# WHAT YOU HAVE TO DO:
Repeat the listing exactly, line by line, and leave the pictures behind.

# AVAILABLE DATA:
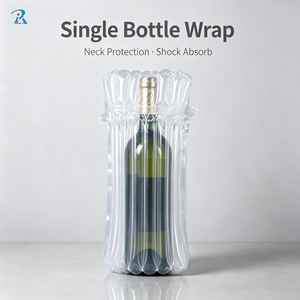 Sacchetto Gonfiabile a Colonna d'Aria per Protezione Bottiglie di Vino, Imballaggio Antiurto per Spedizione di Vino Rosso e Liquori, Personalizzabile OEM, Vendita all'Ingrosso - Product Image 2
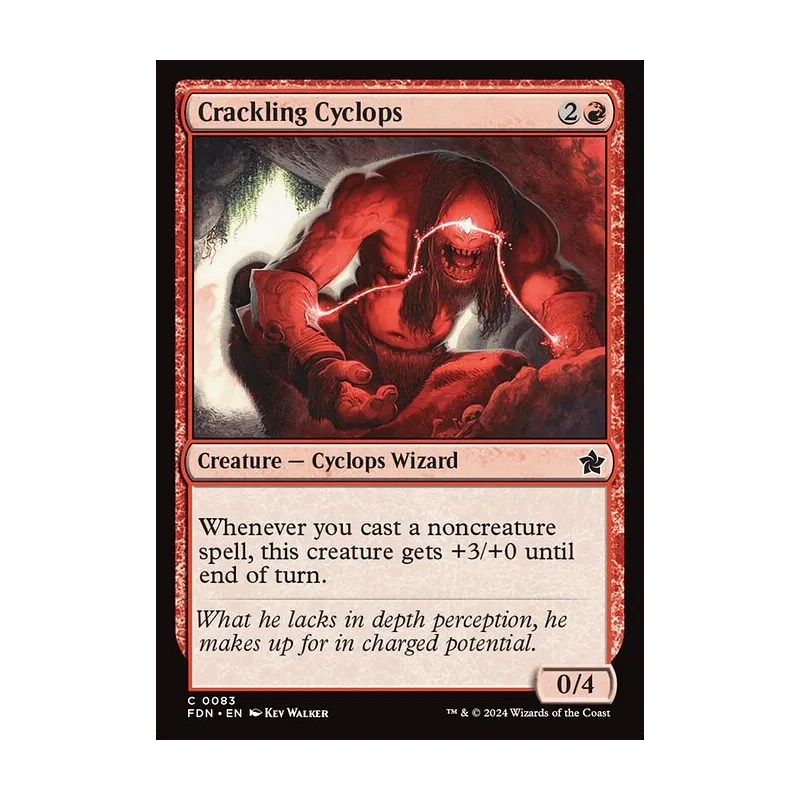 Crackling Cyclops - Foundations (Near Mint)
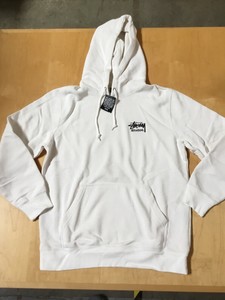 Stussy | Sudadera con capucha Stock Logo - Oatmeal | 12 Pulgadas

# SOLUTION TO THE PROBLEM:
 Sacchetto Gonfiabile a Colonna d'Aria per Protezione Bottiglie di Vino, Imballaggio Antiurto per Spedizione di Vino Rosso e Liquori, Personalizzabile OEM, Vendita all'Ingrosso - Product Image 2
 Crackling Cyclops - Foundations (Near Mint)
 Stussy | Sudadera con capucha Stock Logo - Oatmeal | 12 Pulgadas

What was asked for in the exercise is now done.